:: Records to use ::

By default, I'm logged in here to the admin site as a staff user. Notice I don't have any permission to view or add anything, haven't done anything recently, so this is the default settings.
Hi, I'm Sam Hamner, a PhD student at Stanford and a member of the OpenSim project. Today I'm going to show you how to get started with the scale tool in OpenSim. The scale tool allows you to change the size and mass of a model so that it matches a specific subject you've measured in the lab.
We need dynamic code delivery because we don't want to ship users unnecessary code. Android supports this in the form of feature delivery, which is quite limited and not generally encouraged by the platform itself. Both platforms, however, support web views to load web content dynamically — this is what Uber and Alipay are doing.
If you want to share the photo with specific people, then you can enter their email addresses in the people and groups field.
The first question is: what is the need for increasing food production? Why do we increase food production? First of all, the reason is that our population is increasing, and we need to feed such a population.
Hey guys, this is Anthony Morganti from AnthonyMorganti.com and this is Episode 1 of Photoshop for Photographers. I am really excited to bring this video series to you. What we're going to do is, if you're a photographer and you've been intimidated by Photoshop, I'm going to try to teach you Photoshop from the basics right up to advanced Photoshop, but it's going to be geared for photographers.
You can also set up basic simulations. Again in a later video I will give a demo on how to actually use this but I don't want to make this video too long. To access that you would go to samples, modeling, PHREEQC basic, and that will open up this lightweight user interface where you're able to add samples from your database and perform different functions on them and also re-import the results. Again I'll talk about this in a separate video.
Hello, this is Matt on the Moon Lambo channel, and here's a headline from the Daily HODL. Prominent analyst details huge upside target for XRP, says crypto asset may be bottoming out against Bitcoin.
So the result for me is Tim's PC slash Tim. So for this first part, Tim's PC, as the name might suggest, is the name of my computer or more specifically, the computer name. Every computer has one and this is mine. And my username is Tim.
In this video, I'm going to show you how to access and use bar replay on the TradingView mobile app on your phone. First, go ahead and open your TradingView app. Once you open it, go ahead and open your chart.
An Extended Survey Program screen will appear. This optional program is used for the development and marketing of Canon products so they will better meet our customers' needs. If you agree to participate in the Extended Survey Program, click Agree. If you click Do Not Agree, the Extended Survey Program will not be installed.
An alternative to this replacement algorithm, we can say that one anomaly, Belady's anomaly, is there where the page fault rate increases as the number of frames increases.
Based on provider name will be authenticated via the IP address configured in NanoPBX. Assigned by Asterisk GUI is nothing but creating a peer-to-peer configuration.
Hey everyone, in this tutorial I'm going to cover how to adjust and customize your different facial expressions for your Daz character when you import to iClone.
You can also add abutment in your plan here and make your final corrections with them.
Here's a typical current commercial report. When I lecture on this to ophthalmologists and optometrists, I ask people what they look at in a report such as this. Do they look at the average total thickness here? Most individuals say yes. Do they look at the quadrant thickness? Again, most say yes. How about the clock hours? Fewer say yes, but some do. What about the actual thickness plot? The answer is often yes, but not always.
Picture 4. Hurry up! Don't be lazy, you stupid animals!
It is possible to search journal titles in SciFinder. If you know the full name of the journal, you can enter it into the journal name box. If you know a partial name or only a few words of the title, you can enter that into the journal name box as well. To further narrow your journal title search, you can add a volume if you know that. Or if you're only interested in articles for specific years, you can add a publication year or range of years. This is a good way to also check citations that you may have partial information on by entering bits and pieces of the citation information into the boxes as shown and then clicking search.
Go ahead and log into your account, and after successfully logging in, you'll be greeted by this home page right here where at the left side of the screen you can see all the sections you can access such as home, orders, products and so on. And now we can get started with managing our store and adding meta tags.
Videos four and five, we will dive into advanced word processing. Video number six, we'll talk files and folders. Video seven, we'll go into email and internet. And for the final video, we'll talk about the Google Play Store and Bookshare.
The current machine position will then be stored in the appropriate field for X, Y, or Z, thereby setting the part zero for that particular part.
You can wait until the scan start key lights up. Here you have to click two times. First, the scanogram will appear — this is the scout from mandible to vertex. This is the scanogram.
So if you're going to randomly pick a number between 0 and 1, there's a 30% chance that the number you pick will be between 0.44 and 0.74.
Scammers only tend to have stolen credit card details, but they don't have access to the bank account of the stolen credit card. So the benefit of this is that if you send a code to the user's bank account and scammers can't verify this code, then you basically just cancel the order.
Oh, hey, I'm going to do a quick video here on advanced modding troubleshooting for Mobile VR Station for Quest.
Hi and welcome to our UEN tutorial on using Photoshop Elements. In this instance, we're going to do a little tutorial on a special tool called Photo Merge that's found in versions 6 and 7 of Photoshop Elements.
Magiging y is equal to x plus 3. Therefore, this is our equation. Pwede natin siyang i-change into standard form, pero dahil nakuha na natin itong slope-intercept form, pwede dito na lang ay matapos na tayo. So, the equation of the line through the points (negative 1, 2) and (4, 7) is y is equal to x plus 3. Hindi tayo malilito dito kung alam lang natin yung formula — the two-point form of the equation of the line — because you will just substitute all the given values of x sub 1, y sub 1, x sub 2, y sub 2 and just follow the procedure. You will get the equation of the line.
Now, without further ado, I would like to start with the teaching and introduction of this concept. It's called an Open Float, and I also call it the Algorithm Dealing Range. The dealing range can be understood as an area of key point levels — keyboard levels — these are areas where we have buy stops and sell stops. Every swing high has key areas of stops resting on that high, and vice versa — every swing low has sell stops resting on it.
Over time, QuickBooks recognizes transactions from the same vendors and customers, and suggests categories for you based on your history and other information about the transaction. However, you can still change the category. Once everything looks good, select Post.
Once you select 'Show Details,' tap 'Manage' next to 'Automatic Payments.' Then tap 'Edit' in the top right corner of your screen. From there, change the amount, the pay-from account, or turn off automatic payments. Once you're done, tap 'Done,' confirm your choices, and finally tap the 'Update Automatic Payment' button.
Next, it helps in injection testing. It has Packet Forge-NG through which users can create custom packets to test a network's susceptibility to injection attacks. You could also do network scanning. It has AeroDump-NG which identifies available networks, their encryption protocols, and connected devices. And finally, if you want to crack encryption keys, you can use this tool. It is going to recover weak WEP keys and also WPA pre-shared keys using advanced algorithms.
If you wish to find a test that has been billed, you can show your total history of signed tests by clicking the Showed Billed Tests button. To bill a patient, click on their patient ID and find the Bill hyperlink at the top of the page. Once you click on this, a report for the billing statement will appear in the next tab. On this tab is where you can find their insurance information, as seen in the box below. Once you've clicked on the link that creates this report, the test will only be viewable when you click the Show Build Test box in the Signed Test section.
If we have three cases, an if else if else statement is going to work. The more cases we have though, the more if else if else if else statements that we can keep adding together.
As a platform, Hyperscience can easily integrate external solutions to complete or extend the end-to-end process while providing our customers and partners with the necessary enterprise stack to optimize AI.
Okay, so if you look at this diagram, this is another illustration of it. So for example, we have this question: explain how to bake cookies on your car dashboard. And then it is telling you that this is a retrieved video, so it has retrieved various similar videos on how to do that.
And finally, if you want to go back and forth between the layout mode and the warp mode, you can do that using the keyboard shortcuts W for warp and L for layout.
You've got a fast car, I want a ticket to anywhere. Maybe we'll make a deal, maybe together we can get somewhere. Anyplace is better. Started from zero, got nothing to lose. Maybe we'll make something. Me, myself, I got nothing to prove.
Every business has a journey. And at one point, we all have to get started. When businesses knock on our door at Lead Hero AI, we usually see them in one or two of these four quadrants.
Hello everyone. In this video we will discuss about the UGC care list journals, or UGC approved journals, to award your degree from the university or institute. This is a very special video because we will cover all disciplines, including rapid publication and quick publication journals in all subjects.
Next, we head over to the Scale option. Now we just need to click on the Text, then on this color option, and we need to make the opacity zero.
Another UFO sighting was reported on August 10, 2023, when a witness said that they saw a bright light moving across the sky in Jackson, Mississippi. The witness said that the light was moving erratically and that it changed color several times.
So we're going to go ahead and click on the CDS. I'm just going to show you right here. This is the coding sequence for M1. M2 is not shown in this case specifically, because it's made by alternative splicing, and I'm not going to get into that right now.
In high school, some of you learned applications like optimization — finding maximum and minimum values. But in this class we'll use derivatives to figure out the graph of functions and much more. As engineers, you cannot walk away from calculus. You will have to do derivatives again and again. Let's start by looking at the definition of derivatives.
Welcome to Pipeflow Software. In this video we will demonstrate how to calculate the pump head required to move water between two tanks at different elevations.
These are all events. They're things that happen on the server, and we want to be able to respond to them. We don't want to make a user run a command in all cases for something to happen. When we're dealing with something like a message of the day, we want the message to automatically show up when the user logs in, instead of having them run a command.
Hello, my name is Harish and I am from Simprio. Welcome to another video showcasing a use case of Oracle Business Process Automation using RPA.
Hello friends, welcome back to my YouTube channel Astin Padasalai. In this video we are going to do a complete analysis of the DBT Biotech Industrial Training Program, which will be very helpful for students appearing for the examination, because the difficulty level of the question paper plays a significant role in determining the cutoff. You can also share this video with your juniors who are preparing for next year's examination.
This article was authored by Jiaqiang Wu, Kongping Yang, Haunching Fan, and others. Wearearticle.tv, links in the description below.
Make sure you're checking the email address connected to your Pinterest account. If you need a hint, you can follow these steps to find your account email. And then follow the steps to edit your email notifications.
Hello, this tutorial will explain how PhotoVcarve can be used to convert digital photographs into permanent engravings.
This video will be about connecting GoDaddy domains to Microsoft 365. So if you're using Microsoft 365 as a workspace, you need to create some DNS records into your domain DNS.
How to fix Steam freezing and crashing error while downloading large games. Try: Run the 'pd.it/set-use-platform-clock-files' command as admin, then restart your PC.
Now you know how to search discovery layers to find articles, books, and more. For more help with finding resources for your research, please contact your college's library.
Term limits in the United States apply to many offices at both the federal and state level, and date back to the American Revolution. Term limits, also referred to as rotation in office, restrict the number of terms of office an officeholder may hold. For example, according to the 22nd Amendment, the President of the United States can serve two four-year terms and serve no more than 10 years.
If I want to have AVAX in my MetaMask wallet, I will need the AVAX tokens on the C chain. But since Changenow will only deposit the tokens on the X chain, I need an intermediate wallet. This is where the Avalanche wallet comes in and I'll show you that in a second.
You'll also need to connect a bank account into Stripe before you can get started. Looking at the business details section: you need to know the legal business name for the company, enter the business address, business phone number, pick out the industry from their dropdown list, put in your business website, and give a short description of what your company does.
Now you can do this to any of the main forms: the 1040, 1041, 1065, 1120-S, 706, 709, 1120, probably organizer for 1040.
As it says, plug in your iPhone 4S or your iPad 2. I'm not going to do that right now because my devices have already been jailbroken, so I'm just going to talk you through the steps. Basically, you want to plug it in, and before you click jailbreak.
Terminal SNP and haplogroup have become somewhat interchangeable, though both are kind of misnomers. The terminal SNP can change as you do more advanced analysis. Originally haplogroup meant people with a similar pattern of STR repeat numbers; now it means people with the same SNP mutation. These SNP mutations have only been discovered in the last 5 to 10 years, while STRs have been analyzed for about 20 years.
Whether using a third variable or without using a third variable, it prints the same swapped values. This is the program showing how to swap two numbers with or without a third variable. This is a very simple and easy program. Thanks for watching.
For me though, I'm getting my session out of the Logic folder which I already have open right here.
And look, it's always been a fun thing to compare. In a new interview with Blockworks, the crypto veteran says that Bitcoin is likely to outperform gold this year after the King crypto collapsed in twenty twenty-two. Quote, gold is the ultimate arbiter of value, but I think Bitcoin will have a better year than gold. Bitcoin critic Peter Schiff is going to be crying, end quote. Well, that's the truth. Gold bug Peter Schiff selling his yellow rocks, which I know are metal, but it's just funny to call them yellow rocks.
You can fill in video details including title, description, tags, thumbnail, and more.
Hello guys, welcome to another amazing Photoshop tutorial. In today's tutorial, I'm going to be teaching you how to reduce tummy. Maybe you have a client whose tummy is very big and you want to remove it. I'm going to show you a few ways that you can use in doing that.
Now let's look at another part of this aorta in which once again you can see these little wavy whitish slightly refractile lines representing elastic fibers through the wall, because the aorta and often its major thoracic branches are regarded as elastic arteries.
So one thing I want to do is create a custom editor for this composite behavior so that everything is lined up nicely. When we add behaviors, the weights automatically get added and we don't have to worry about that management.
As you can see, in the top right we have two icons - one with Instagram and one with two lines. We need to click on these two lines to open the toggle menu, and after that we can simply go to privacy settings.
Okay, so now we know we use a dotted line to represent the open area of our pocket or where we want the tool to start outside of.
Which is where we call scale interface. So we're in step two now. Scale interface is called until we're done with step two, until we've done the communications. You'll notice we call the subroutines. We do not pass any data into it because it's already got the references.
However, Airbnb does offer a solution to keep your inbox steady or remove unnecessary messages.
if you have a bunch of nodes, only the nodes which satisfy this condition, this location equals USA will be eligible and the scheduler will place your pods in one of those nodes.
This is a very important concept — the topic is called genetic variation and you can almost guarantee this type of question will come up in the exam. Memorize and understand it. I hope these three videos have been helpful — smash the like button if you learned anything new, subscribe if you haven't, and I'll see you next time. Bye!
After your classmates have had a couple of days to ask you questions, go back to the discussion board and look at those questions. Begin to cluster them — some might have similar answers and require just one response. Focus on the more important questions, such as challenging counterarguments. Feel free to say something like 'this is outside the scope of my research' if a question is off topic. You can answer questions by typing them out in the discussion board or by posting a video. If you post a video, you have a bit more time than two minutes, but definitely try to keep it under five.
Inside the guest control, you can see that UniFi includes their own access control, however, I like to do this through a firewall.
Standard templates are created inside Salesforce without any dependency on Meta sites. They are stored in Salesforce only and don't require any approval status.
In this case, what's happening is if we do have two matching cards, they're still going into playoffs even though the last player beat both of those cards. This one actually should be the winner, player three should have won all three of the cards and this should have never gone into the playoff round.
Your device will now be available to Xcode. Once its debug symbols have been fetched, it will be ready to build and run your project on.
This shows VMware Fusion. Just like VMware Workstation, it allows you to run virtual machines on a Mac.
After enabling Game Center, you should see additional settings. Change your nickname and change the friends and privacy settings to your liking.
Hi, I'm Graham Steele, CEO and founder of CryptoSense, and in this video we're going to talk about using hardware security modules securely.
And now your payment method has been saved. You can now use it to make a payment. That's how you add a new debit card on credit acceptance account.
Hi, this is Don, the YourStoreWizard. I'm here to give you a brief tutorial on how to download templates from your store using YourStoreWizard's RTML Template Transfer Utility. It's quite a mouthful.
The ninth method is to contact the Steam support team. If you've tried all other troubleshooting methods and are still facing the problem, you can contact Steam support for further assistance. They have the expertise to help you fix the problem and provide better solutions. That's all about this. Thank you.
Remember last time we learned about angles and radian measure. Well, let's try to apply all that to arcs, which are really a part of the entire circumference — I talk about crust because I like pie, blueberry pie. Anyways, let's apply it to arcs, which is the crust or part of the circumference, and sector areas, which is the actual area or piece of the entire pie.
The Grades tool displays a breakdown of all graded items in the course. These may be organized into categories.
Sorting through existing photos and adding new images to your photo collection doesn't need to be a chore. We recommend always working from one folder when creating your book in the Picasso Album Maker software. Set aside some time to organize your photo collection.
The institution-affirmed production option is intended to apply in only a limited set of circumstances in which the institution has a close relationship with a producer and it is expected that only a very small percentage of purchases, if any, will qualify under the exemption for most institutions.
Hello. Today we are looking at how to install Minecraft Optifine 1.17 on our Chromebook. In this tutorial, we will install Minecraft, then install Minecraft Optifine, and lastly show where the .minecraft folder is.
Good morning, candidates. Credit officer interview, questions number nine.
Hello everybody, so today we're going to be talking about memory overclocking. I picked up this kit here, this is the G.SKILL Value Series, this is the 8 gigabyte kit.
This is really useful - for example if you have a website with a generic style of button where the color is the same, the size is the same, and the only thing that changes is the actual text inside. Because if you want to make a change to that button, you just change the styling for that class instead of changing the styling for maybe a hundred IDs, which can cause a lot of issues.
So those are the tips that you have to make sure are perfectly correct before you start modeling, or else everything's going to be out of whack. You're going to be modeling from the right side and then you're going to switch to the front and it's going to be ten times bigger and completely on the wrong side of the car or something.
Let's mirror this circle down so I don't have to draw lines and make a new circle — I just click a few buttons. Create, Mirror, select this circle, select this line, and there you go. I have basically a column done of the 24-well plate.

:::

◆ Prompt
For this exercise, gather every line of the data that contains the word "stored".

◆ Your solution
The current machine position will then be stored in the appropriate field for X, Y, or Z, thereby setting the part zero for that particular part.
Standard templates are created inside Salesforce without any dependency on Meta sites. They are stored in Salesforce only and don't require any approval status.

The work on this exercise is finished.